The applicant maintained that his life would be at risk and that the Tribunal had not understood his mental state and that he could not practice Christianity. No issue concerning the applicant’s mental state was the subject of evidence or any claim before the Tribunal. A matter not raised before the Tribunal cannot give rise to any jurisdictional error.
It is apparent on the face of the Tribunal’s reasons that the Tribunal gave weight to the applicant’s claims and evidence and indeed, accepted much of the applicant’s evidence. There is no substance in the assertion that the Tribunal failed to conduct its task in accordance with the statutory regime, nor is there any basis on the material before the Court, to find that the Tribunal failed to afford the applicant procedural fairness in the conduct of the review.

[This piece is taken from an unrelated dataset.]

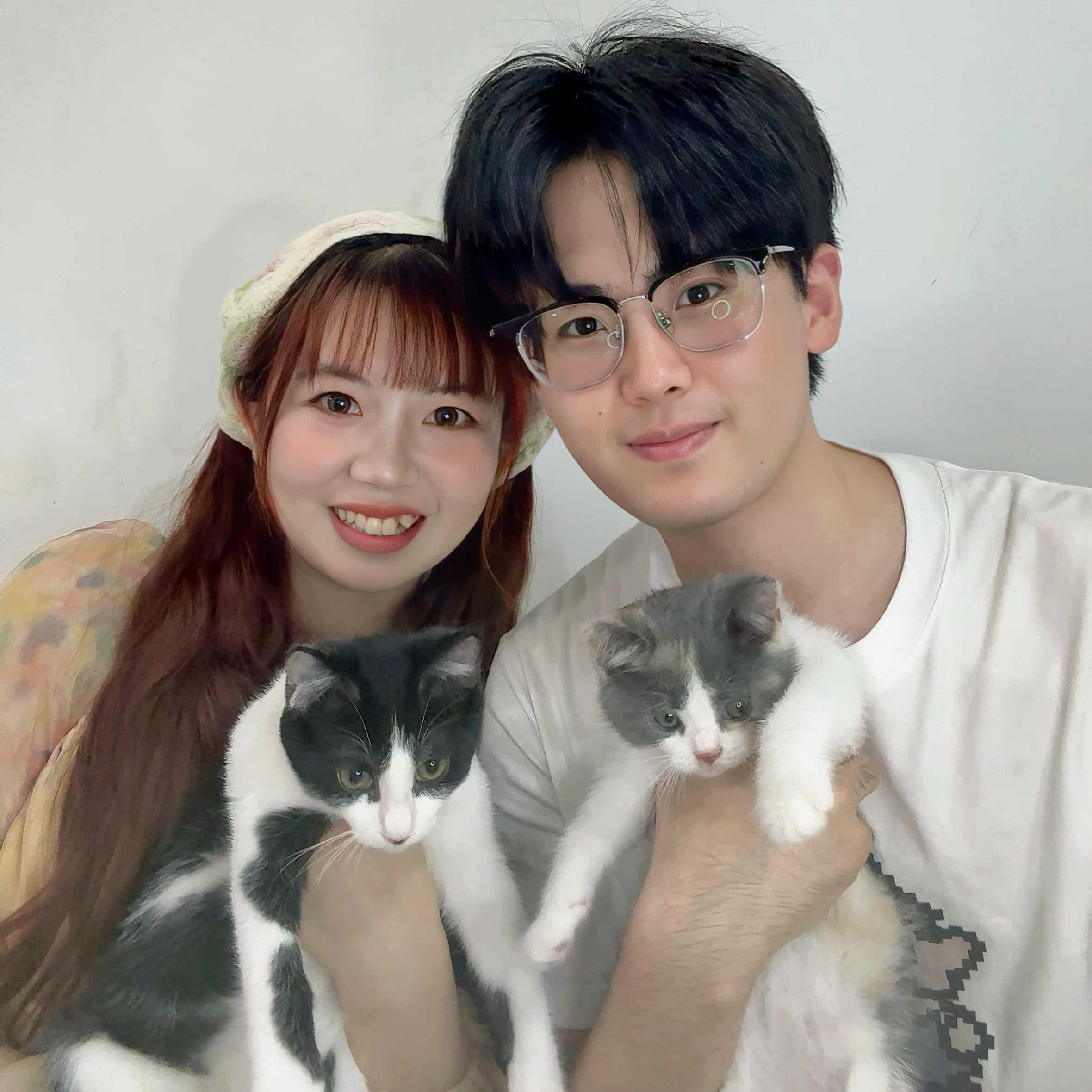 SootheHerbs team members Bella and Shawn holding their beloved studio cats Tu Tuan and Nomi, sharing a warm and authentic moment behind the natural beauty brand.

The Tribunal conducted a hearing in accordance with the statutory requirements and on the face of the material before the Court and in particular, the Tribunal’s reasons and summary of the evidence in relation to what occurred at the hearing, the Court is satisfied that the applicant had a real and meaningful hearing. The applicant’s submissions are in substance an invitation for this Court to engage in an impermissible merits review. This Court does not have power to make fresh findings of fact or to revisit the merits. Nothing said by the applicant from the bar table identified any jurisdictional error.
Consideration
Ground 1
Insofar as ground 1 raises an issue concerning the applicant’s mental state and capacity, that was not an issue before the Tribunal as earlier identified and accordingly, it is not a matter that could give rise to any jurisdictional error by the Tribunal. The broad assertion that the applicant did not have a real and meaningful hearing is not consistent on the face of the Tribunal’s reasons. On the material before the Court, the Tribunal complied with its obligations under s.425 of the Act and the applicant had a real and meaningful hearing.
Additional ground identified in the applicant’s affidavit
Mr Liu, solicitor for the first respondent, has also drawn the Court’s attention to paragraph 12 of the applicant’s affidavit in which it is asserted that:-
the AAT did not consider the social, spiritual and legal implication of the applicant converting to Christianity in Nepal.
Mr Liu pointed out that the proposition of social, spiritual or legal implication of conversion was not a matter raised in any claim before the Tribunal and did not arise on the material beyond the allegation of the applicant’s conversion to Christianity, which it is clear the Tribunal took into account and accepted the applicant.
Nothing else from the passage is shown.